If middle-click to open/close new tabs qualifies as an important shortcut, then so should ctrl_pgup/pgdn (to switch between tabs). Likewise, Ctrl+F4 (close tab alternative).

Less important would be ctrl+0-8, to select the first 9 tabs individually. ctrl+9 selects the last tab.

These are essential shortcuts for firefox, I’m not sure if IE or Opera have equivalents since I hardly touch them.

My all-time favourite Firefox shortcut:
Ctrl-Shift-T to reopen the last tab you closed (and it keeps a history too so you can reopen many closed tabs). It’s the “Ctrl-Z” of the tab world.

IE 7 doesn’t have this shortcut but you can download an add-in from here: http://www.muvextoe.com/manualolct.php

not all shortcuts work in every language. For example, Alt-D, Ctrl-E don’t work on a German IE

My favorite:
WINDOWS+R (shortcut for run) then http://www.mysite.com/ (fires up your default browser with whatever url you’ve inputed)… Nice “history” feature available… killer for cutpasted url :stuck_out_tongue:

"boring.

Use Opera."

Boring, use Firefox.

This could go on all day!

I just had to say that I use the side buttons on this mouse…
http://www.softwareandstuff.com/media/ACC10750_LG.jpg
…to navigate back and forward. Left is back, right is forward. I have grown so used to it, it is priceless.

Middle clicking to close also works on Visual Studio tabs

talking about using the middle mouse button,
clicking the middle mouse button anywhere on an open tab will close it. No need to hunt for the tiny close button.

On many laptops, or at least on ones with a synaptics touchpad, clicking the left and right buttons will emulate a middle click, which is nice if you’re at your laptop with no mouse to use.

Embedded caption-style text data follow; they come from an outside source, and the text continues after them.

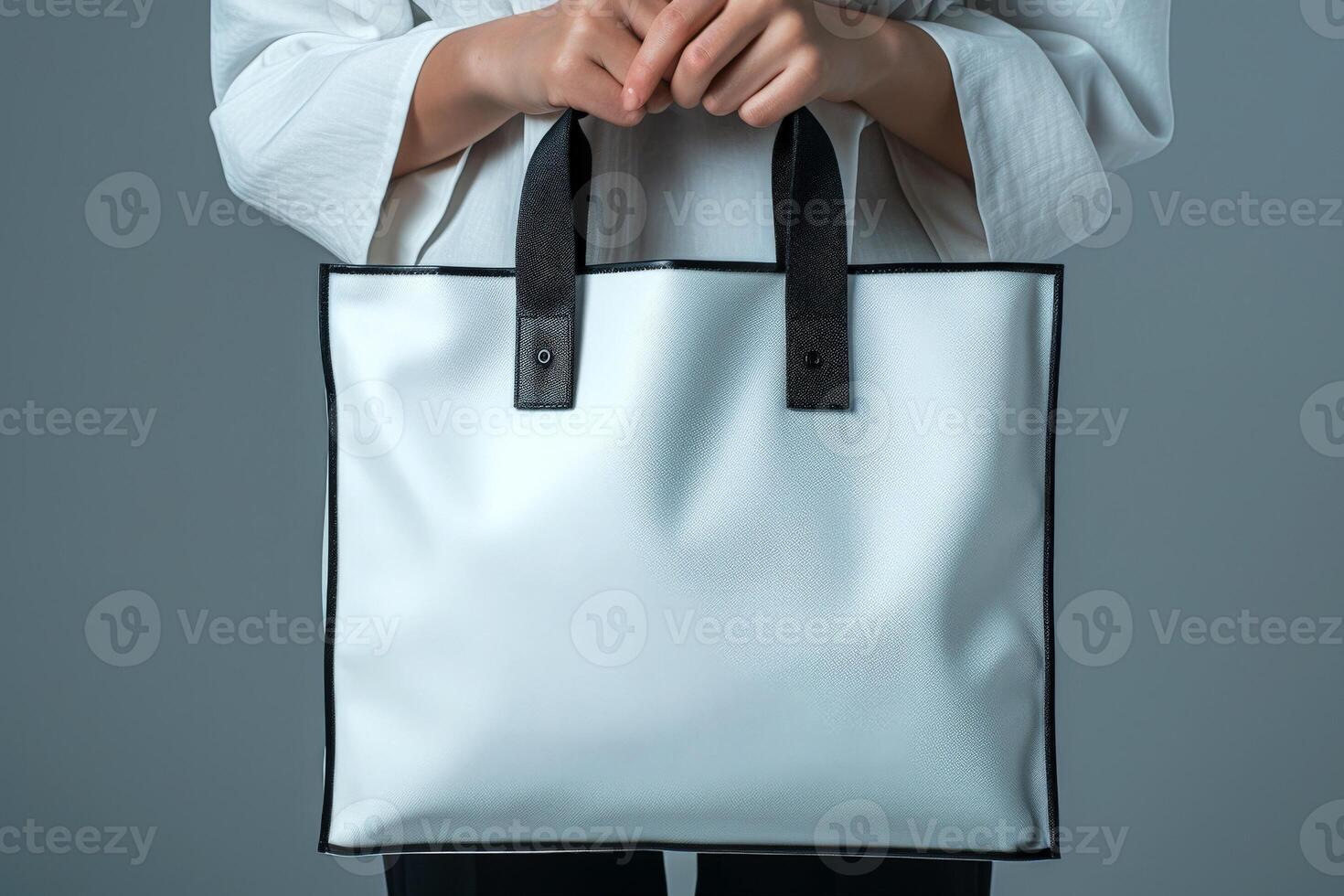 AI generated woman Hand holding a White Polyester square tote bag for mockup . AI generated image photo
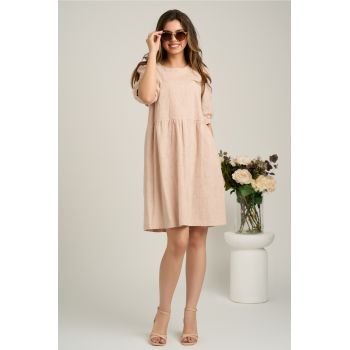 Rochie scurta bej din ghipura in clos cu motive florale ieftina
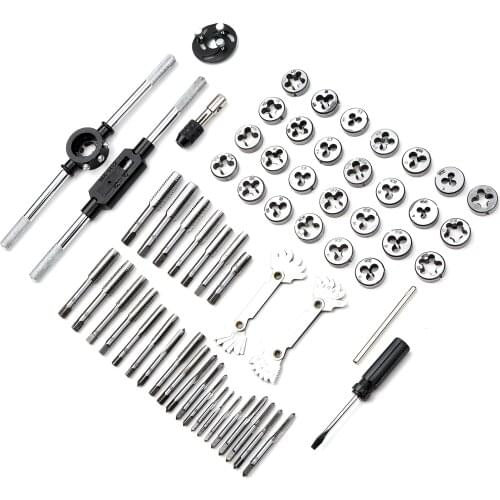60pcs Tap & Die Set SAE and Metric Sizes Screw Taps Threading Dies Screw Die with Tap & Die Slotted Screwdriver Storage Case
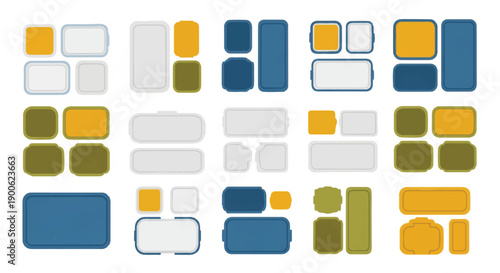 Colorful assortment of abstract shapes arranged on a white surface, creating a playful and modern composition with a minimalist aesthetic.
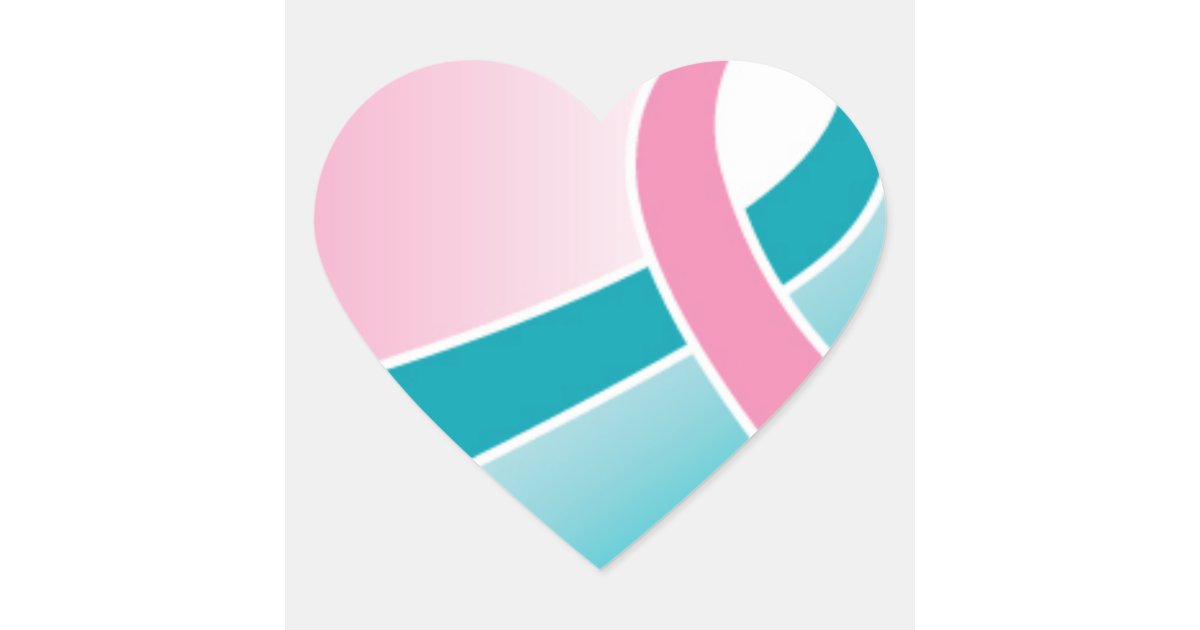 Pink and Teal ribbon HEART sticker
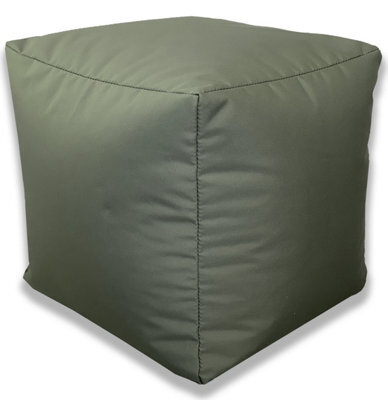 Beautiful Beanbags Beanbag Cube Footstool - Water-Resistant Bean Bag Pouffe For Indoor Or Outdoor Use - Olive - image 1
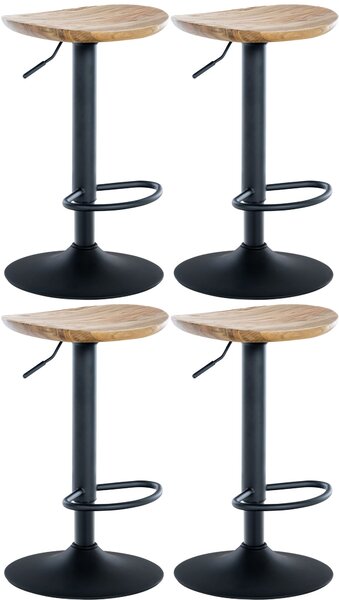 Barová stolička Skelde (SET 4 ks) ~ čierna podnož - Natura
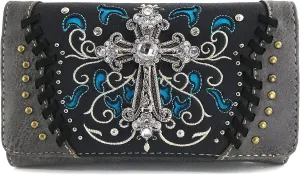 Justin West Cross Floral Embroidered Studded CCW Concealed Carry Shoulder Purse Handbag Wallet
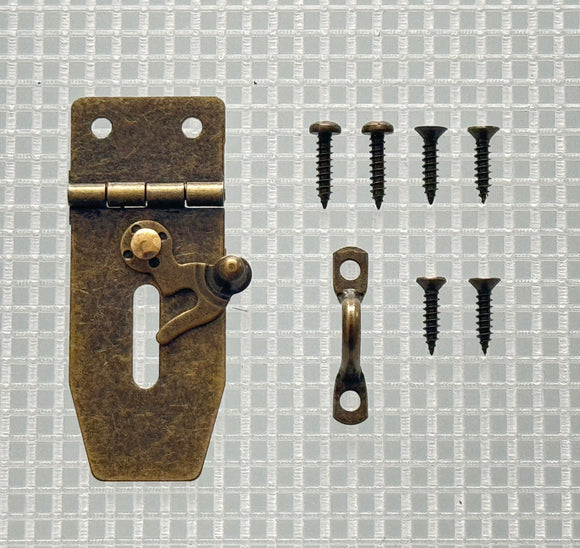 Antique Brass Hasps & Hooks – Small Box Hardware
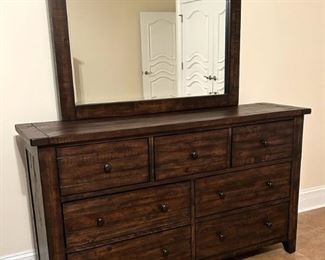 Ember King Bedroom set (must be sold as a whole - two nightstands, dresser and tall chest and King bed headboard 81"w x 60"h. Footboard 17"h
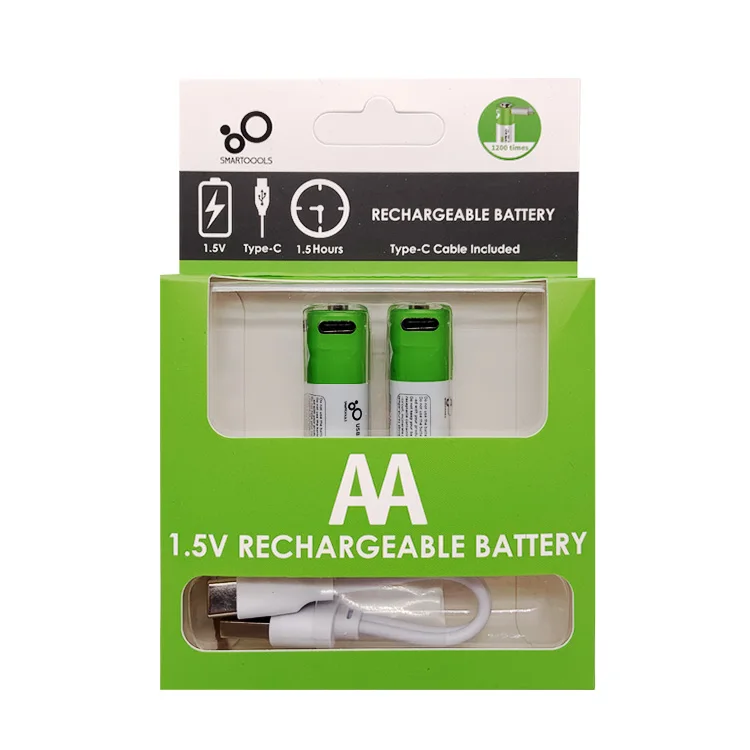 Smartoools Кабель с разъемом типа C USB Перезаряжаемый порт АА батареи не R6p AA 2600mWh Sum-3 1 5 V марганцево-Цинковый сухой элемент для фонарика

If you use Firefox, the slash key ‘/’ to open the incremental search (quick find) text box. No more relying on Ctrl+F.

“I just had to say that I use the side buttons on this mouse…”

Yeah, i think you didn’t think to mention about the mouse back and forward buttons. Which i personally take for granted these days and i’m not even sure if they’re shortcuts anymore? Anyway, it pains me considerably to have to use a mouse without them.

I must second the comment about Mouse Gestures - they are also available in Firefox with the All-in-One Gestures add-on. It’s a bit like the scroll wheel on the mouse, once you get used to it you can’t live with out it, and now I keep trying to do mouse gestures in Visual Studio…

Konqueror (that’s a browser in KDE) keyboard shortcuts:
ctrl-l: focus address bar
typing in address bar results in navigating to that URL if you typed URL, or searches (by default with google), if it’s not URL. Firefox has the same behavior (except that it looks like that it goes to the first link if it is relevant enough).
ctrl-t: opens a tab
ctrl-w: closes a tab
ctrl-[ and ctrl-]: next and previous tab
ctrl-shift-d: duplicate tab
ctrl-d: duplicate window
ctrl-shift-b: move tab to new window
ctrl: enable access key (navigating through page elements with keys)
alt-left, alt-right: history
/: incremental search

Synaptics touchpad support under Linux/KDE (ksynaptics):
touching with two fingers simultaneously: middle button
touching with three fingers simultaneously: right button
move finger in circle: circular scroll (cw #8212; scroll down, ccw #8212; scroll up).